ASSIGNMENT => Copy every line below precisely as it appears.

═══

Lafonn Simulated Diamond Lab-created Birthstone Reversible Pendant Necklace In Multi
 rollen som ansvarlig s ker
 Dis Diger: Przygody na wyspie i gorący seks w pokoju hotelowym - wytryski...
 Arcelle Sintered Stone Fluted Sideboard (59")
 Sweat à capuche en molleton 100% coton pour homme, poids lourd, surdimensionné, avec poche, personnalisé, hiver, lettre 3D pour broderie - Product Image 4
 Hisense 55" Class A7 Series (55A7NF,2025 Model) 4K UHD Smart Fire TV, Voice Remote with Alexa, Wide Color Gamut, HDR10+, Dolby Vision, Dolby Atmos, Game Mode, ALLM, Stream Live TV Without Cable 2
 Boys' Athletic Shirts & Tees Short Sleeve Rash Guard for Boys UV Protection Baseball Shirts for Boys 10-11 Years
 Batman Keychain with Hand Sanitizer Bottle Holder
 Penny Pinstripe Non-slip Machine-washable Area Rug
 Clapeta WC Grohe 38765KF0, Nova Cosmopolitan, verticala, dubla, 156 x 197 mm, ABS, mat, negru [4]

═══

TASK ANSWER =>
Lafonn Simulated Diamond Lab-created Birthstone Reversible Pendant Necklace In Multi
 rollen som ansvarlig s ker
 Dis Diger: Przygody na wyspie i gorący seks w pokoju hotelowym - wytryski...
 Arcelle Sintered Stone Fluted Sideboard (59")
 Sweat à capuche en molleton 100% coton pour homme, poids lourd, surdimensionné, avec poche, personnalisé, hiver, lettre 3D pour broderie - Product Image 4
 Hisense 55" Class A7 Series (55A7NF,2025 Model) 4K UHD Smart Fire TV, Voice Remote with Alexa, Wide Color Gamut, HDR10+, Dolby Vision, Dolby Atmos, Game Mode, ALLM, Stream Live TV Without Cable 2
 Boys' Athletic Shirts & Tees Short Sleeve Rash Guard for Boys UV Protection Baseball Shirts for Boys 10-11 Years
 Batman Keychain with Hand Sanitizer Bottle Holder
 Penny Pinstripe Non-slip Machine-washable Area Rug
 Clapeta WC Grohe 38765KF0, Nova Cosmopolitan, verticala, dubla, 156 x 197 mm, ABS, mat, negru [4]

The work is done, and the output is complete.